*DATASET EXCERPT*
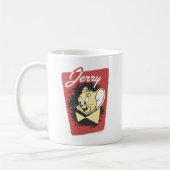 Jerry Yellow Botiw Logo Koffiemok (Links)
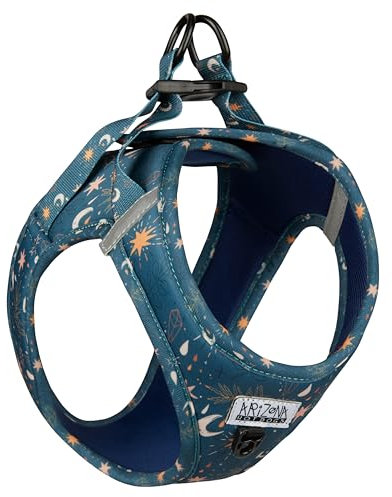 Hundegeschirr Step-In Neopren | Arizona Hotdogs Geschirr Moonlight | M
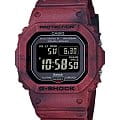 Casio Casio G-Shock GW-B5600SL-4D  GW-B5600SL-4D электронные мужские часы черный циферблат, браслет пластик — вид спереди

*WHAT IS NEEDED*
Apart from the pictures, every line of the data above should be given again exactly.

*EXERCISE SOLUTION*
 Jerry Yellow Botiw Logo Koffiemok (Links)
 Hundegeschirr Step-In Neopren | Arizona Hotdogs Geschirr Moonlight | M
 Casio Casio G-Shock GW-B5600SL-4D  GW-B5600SL-4D электронные мужские часы черный циферблат, браслет пластик — вид спереди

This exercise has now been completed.